Borrowing money can be stressful, especially for an emergency. There are a lot of choices for personal loans and lines of credit. Payday loans, sometimes called cash advance loans, are one option, but they can come with unique risks and are even illegal in some states.
It pays to understand the costs and benefits when considering a payday loan. Then, you can make a plan so you aren’t rushed into a decision as a borrower if you need access to cash.
Key takeaways:
- Payday loans are short-term, high-cost loans that are intended to be repaid by your next payday.
- They generally offer a fixed interest rate and set fees based on the loan amount.
- Typically, these types of loans do not require a credit check to obtain, but failure to repay the loan can still hurt your credit.
- To determine whether a payday loan is right for you, it’s important to know your options and consider the risks.
What is a payday loan?
A payday loan generally describes a short-term, high-cost small personal loan that’s designed to be repaid on your next pay day, usually around a two-to-four-week loan term. The terms and structure can vary by state, payday lender and individual loan.
Payday loans are unsecured loans because they don’t require any collateral from the borrower. While payday lenders can provide much-needed funds, the FTC says it “has filed many law enforcement actions against payday lenders” for a variety of deceptive or unfair practices.
How do payday loans work?
Borrowers can apply for a payday loan by filling out a loan application and submitting pay stubs. These short-term loans are usually for small amounts and often come with set fees based on the loan amount. For example, the Consumer Financial Protection Bureau (CFPB) describes a typical fee for a payday loan as $15 for every $100 you borrow. This is the same as an annual percentage rate (APR) of nearly 400% interest. For comparison, credit card interest rates typically range between 12% and 30%.
In exchange for a payday loan, the borrower usually gives the lender a postdated check for the full amount borrowed, plus fees. Or the borrower might authorize the lender to electronically withdraw that amount from their bank account on the due date.
Typically, the sooner a person can pay off a payday loan the better.
Payday loan interest rates
Payday loans offer a fixed interest rate rather than a variable interest rate. That’s because repayment of the cash loans are expected to be in the form of one lump sum. Payday lenders are required by the federal Truth in Lending Act to divulge any finance charges placed on a loan.
Payday loan fees and risks
The CFPB warns of numerous other fees and costs associated with payday loans. These can include rollover fees if you need to extend the duration of your loan, late fees for missing a payment, overdraft and non-sufficient funds (NSF) fees if your bank account is short when the payment is processed and more.

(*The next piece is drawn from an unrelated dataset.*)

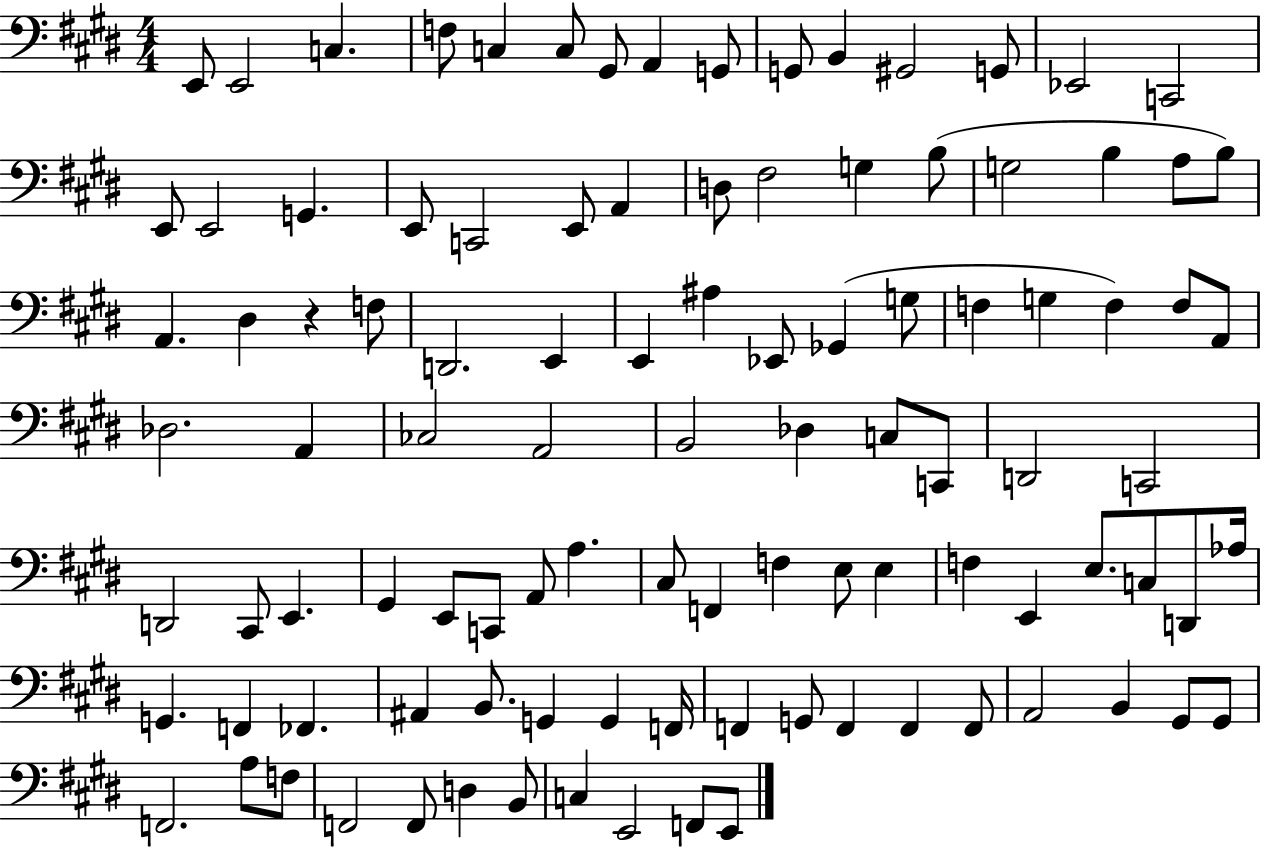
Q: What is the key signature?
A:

Additional fees may be added to your loan if the funds are loaded onto a prepaid debit card.
Do payday loans impact your credit?
A typical payday loan doesn’t require a credit check or proof of your ability to repay the loan. This can be part of the appeal for borrowers with no credit or those who are rebuilding credit and may not have other financing options. But according to Experian, these loans also can’t help you build your credit if they aren’t reported to the credit bureaus when you pay them on time.
However, if you’re late on payments—or if you’re unable to repay and default on your payday loan—the same might not be true. A payday lender might report your late or missing payments to the credit bureaus. In that case, it could still harm your credit scores.
Payday loan alternatives
Before relying on payday loans or other risky forms of credit, it’s good to consider your options. For example, credit counseling can help you with your monthly budgeting. If you have the time and resources to plan ahead, a healthy emergency savings fund is a great way to protect yourself from the unexpected.
A secured credit card is another option. Secured cards can help you build credit with responsible use. And as you build your credit, that could help you qualify for a card with extra perks in the future.
You can also consider installment loans. But it’s important to do your research to find the best and most affordable small loan to serve your needs.
Whichever option you choose, the key is to plan ahead. And if you have more questions on payday loans, the CFPB has an excellent payday loan resource page.
Payday loan FAQs
Q: Are payday loans secured or unsecured?
Payday loans are considered unsecured loans because they don’t involve collateral.
Q: Is it bad to get a payday loan?
Like all loans, a payday loan may or may not be right for you depending on your financial situation and needs. The risks of payday loans are typically high costs and short terms. Some borrowers are not able to repay their loan before the payment due date. When considering a payday loan, carefully research the lender and terms and conditions of the loan to determine whether the loan is right for you.
The bottom line
For some, payday loans may be a good option, but there are specific risks that come with this type of loan. So it might be better to weigh your options.